Currently, the S&P 500 is trading for a P/E of 18- well above its historic norm. According to New York investment manager BlackRock (NYSE:BLK), valuations for certain sectors- like biotech and social media companies- are further stretched and could be sells as risks don’t match up with potential rewards. 

Given this commentary and scenario, it’s easy to see why investors have begun to sell off growth names in spades. The tech orientated Nasdaq is down about 0.4% so far in April. The key for portfolios lies in that other style of investing called value.
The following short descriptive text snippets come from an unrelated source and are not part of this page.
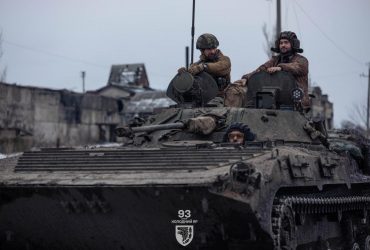 Втрати України у війні: оцінка США відрізняється від цифр Зеленського, - NYT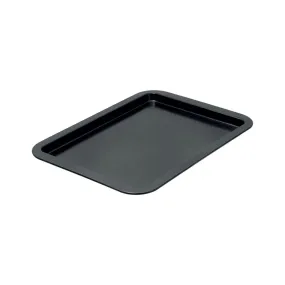 Regent Bakeware Baking Tray Rectangular Medium 372x256x16mm 12068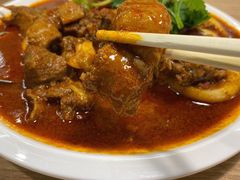 -阿西娅·西北妈妈拿手菜(华联店)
Value investors seek stocks of companies that they believe the market has undervalued. They do this by screening for stocks with lower-than-average P/B or P/E ratios and/or have high dividend yields. For investors looking for new investments in the current market or shifting some long term gains, this style could be exactly what they are looking for.

Betting On Value

With the wheels falling off the growth train, the time to shift into the value-side of the market could be at hand. Luckily for investors, adding a dose of value is quite easy.  A great starting point is the dirt cheap Vanguard Value ETF (NYSE:VTV).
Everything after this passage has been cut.